## Brief
Begin your copy at the line holding "Doujin-Lc- อ่าน โดจิน" and end it at the last line of the listing. Keep every line exact and leave out the pictures.
Given data below:
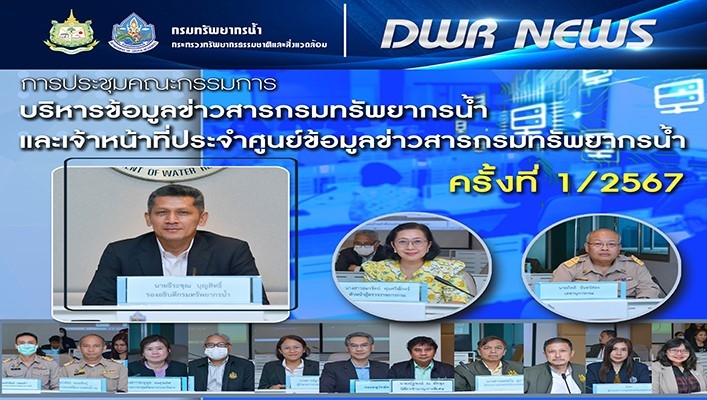 กรมทรัพยากรน้ำ ประชุมคณะกรรมการบริหารข้อมูลข่าวสารกรมทรัพยากรน้ำและเจ้าหน้าที่ประจำศูนย์ข้อมูลข่าวสารกรมทรัพยากรน้ำ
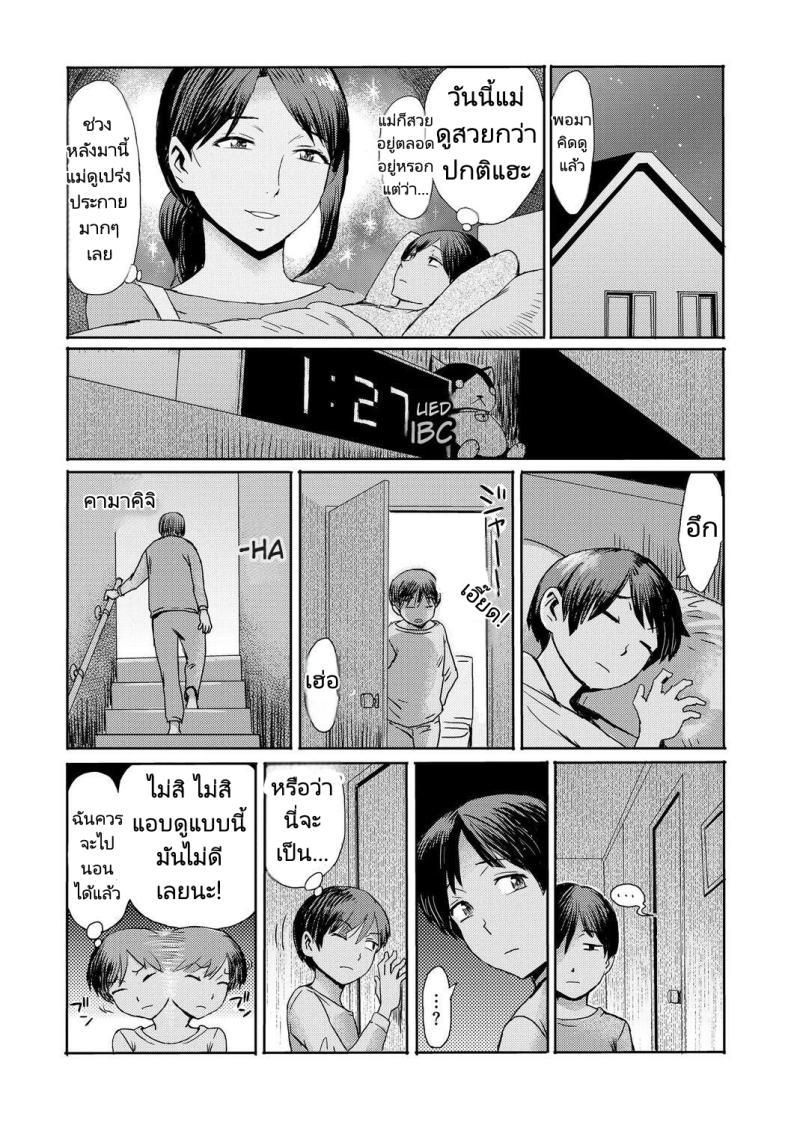 Doujin-Lc- อ่าน โดจิน มังฮวา เกาหลี ญี่ปุ่น จีน แปลไทย ความสัมพันธ์สุดพิเศษของผมกับแม่ [Kuroiwa Menou] Soukan Syndrome ตอนที่ 1 2 3 4 5 6 7 8 9 10 11 12 13 14 ฟรี ไม่มีโฆษณา อ่าน โดจิน Manhwa เกาหลี ญี่ปุ่น จีน เรามีครบ คัดมาให้เน้นๆ โดจิน 18+ รับประกันความฟินโดย  Doujin Lc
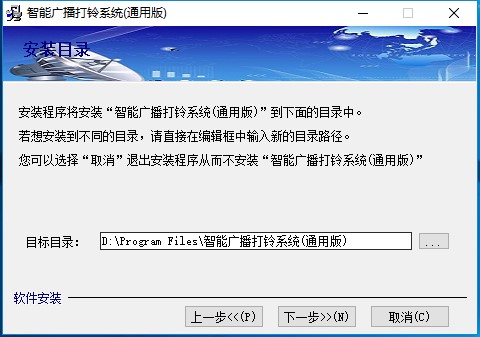 智能广播打铃系统v9.7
End of Given data.
## Reply to the task
 Doujin-Lc- อ่าน โดจิน มังฮวา เกาหลี ญี่ปุ่น จีน แปลไทย ความสัมพันธ์สุดพิเศษของผมกับแม่ [Kuroiwa Menou] Soukan Syndrome ตอนที่ 1 2 3 4 5 6 7 8 9 10 11 12 13 14 ฟรี ไม่มีโฆษณา อ่าน โดจิน Manhwa เกาหลี ญี่ปุ่น จีน เรามีครบ คัดมาให้เน้นๆ โดจิน 18+ รับประกันความฟินโดย  Doujin Lc
 智能广播打铃系统v9.7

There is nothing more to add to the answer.